Vasodilator and inotropic drugs and intra-aortic balloon pump are used to provide tissue perfusion and weaning from cardiopulmonary bypass (CPB) in the perioperative period (₁). Levosimendan increases the sensitivity of myofilaments to calcium by binding to cardiac troponin C and also causes vasodilatation in systemic arterial and venous capacitance vessels by opening ATP-sensitive potassium-channels in vascular smooth muscles. Furthermore, levosimendan does not cause any increase in myocardial oxygen demand by reducing cardiac work load effectively (₂). Here we evaluated two cases who failed to wean from CPB with their low cardiac outputs despite the support of the intraaortic baloon pump but successfully weaned off with the addition of levosimendan treatment.

Case 1

The medical history of 41-years old male patient scheduled for coronary artery bypass grafting surgery includes Type I DM and femoropopliteal bypass surgery. Transthoracic echocardiography revealed; left ventricle end diastolic diameter: 68 mm; left ventricle end systolic diameter: 55 mm; left ventricle end diastolic volume: 203 mL; left ventricle end systolic volume: 120 mL, ejection fraction: 35% and a thrombus in the anteroapical region of the LV. Euroscore was scored as 4. No premedication was performed and the following drugs were given intravenously for induction: lidocaine 1 mg.kg ^-1 , diazepam 0.2 mg.kg ^-1 , fentanyl 10 µg.kg ^-1 , pancuronium 0.1 mg.kg ^-1 . Left radial artery cannulation was inserted.
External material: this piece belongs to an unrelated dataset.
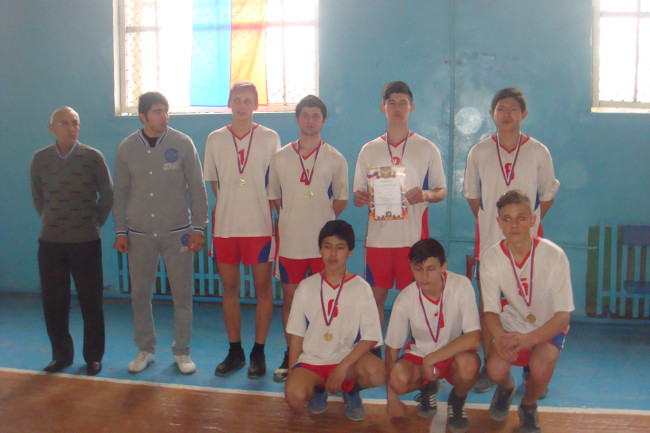 В Ленинском районе прошли соревнования по волейболу среди школьников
Arterial pressure monitorization was performed through this arterial catheter. Body temperature was measured using nasopharyngeal probe and urinary bladder catheter. Following adequate muscle relaxation, the patient was intubated and pulmonary artery catheter was inserted from right internal jugular vein. Membrane oxygenator with 9000 pump Sarns and Edwards Lifesciences (Resp Tecnico. Sergio L. Nogaroto CRF/SP N ^o 9.860 Brasileira) and 2.4 L dk ^-1 m ^-2 non pulsatile perfusion were used for CPB. The patient was cooled to 33 ^o C. Thrombectomy was performed by means of 3 cm Left ventriculotomy with routine surgical procedure and LIMA-LAD anastomosis was conducted. (cross-clamp time 44 min, cardio-pulmonary bypass time 59 min). The hemodynamically stable patient (heart rate 95 beat.min ^-1 , systolic artery pressure 90 mmHg, systolic PAP 40 mmHg) experienced cardiac arrest during the closure of skin after cardiopulmonary bypass.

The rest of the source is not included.